(Source records)
----
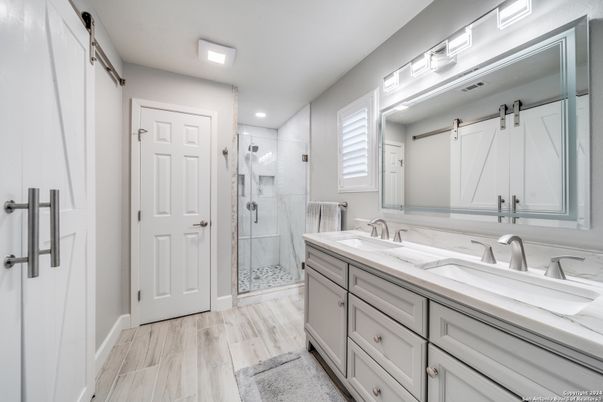 Bathroom, Dual Sink Vanities, Glass Shower, Interior, Recessed Lighting, Wood Texture Flooring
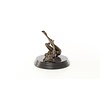 An erotic bronze sculpture of a reclining female nude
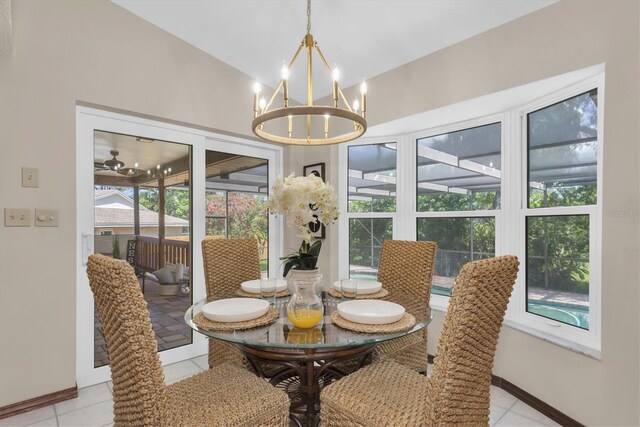 2174 Kent Ave, Clearwater, FL 33764 - dining area with a chandelier and light tile patterned floors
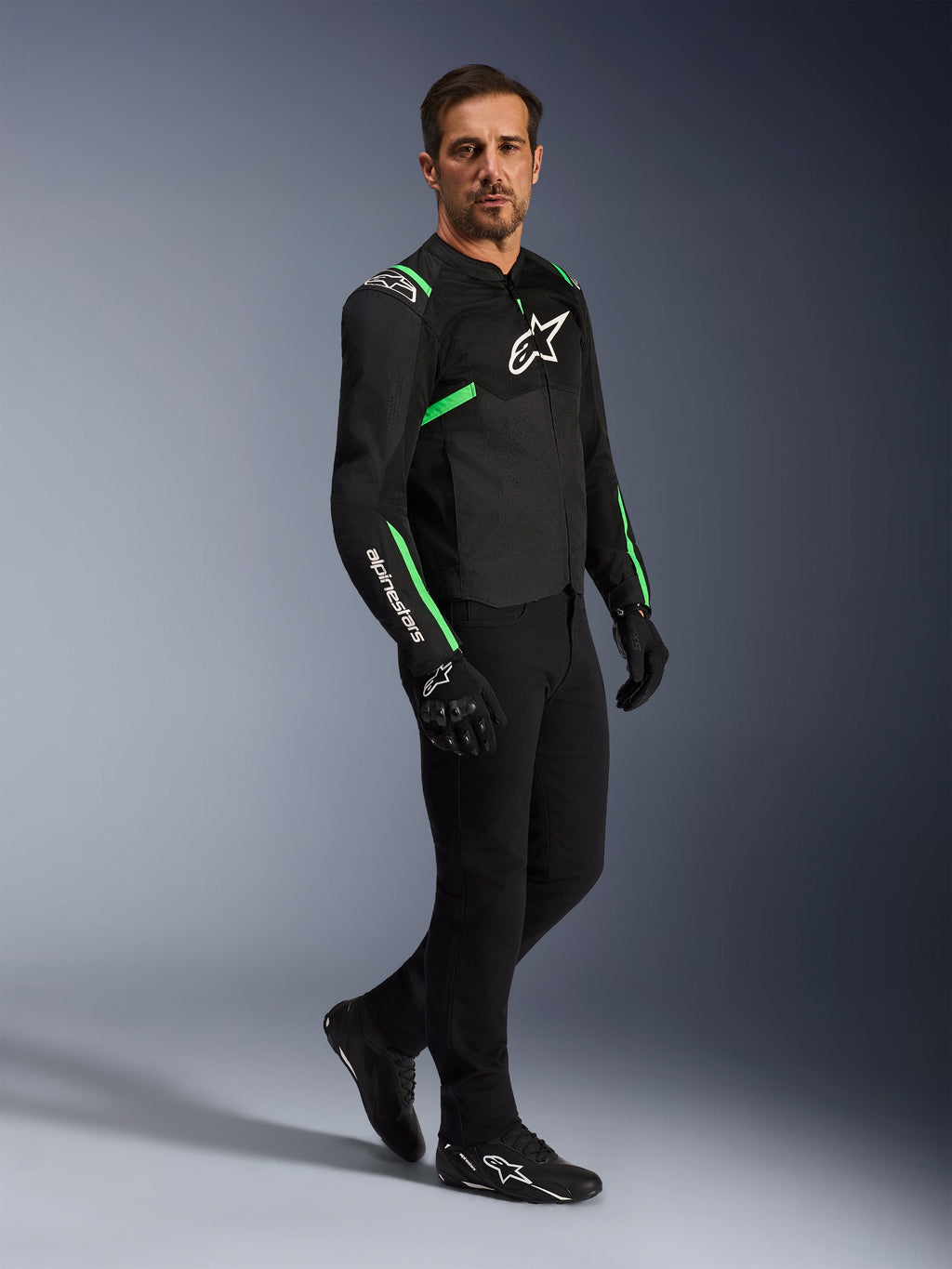 Modelo masculino luciendo la chaqueta Alpinestars T-SPS Air V2 en negro y verde flúor, combinada con pantalones de motociclismo y guantes negros, chaqueta textil de corte deportivo con paneles de malla y detalles neón, conjunto completo de equipamiento urbano para motorista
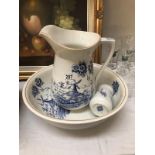 A blue and white jug and basin set.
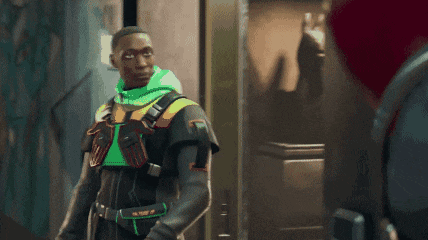 a man in a futuristic outfit with a green hood is standing in a doorway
----
## WHAT IS REQUIRED:
Omit the pictures, and please restate word for word the lines running from the line with "A blue and white jug and basin set." to the end of the entries.

## SOLUTION TO THE PROBLEM:
 A blue and white jug and basin set.
 a man in a futuristic outfit with a green hood is standing in a doorway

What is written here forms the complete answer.